PROBLEM DETAILS
In the copy, keep every word of the data below and none of its pictures.

COLLECTED DATA
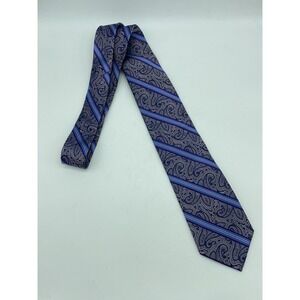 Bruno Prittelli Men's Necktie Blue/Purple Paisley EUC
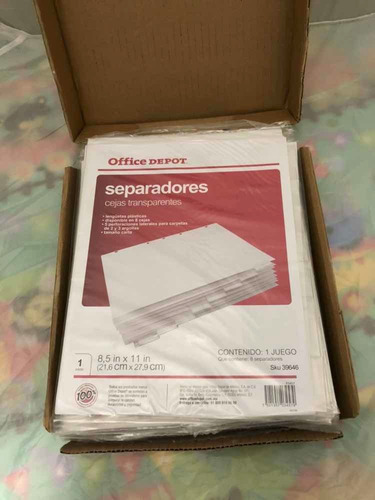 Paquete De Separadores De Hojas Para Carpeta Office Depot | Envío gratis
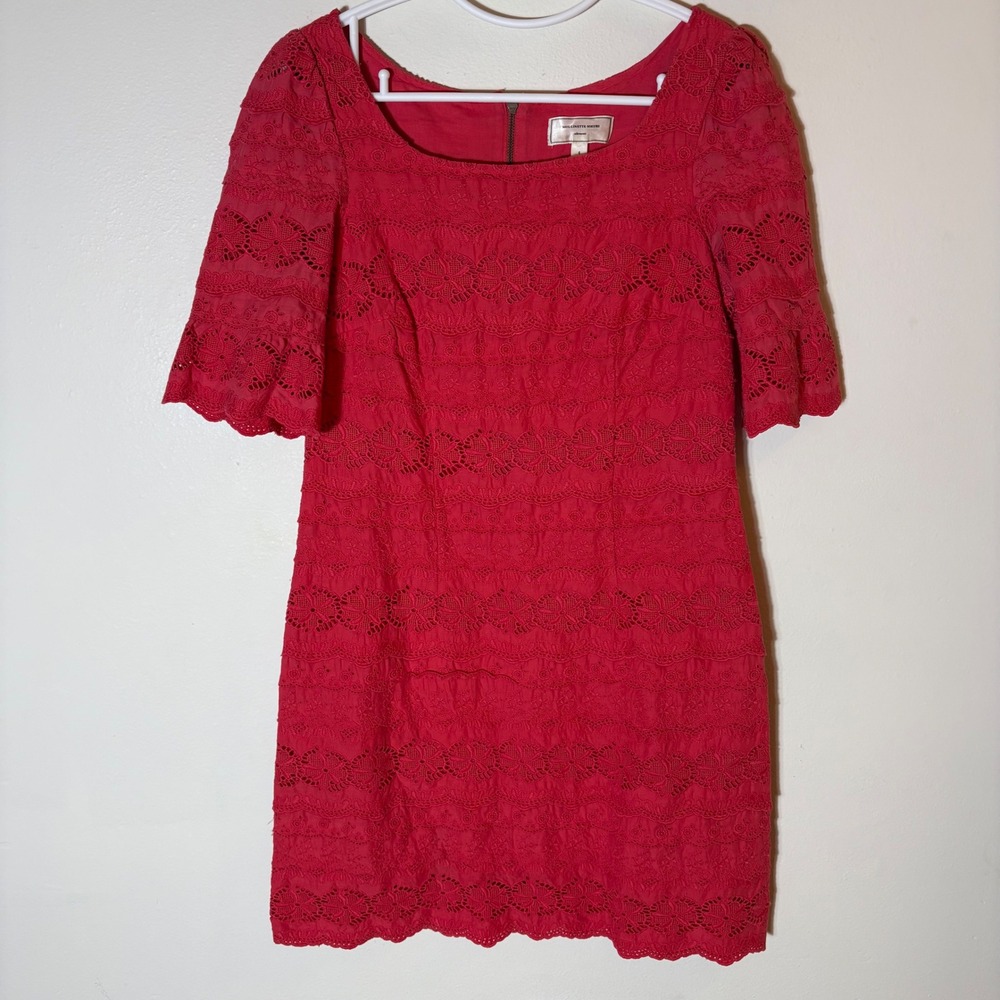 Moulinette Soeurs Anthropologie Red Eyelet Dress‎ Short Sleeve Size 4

YOUR RESPONSE
 Bruno Prittelli Men's Necktie Blue/Purple Paisley EUC
 Paquete De Separadores De Hojas Para Carpeta Office Depot | Envío gratis
 Moulinette Soeurs Anthropologie Red Eyelet Dress‎ Short Sleeve Size 4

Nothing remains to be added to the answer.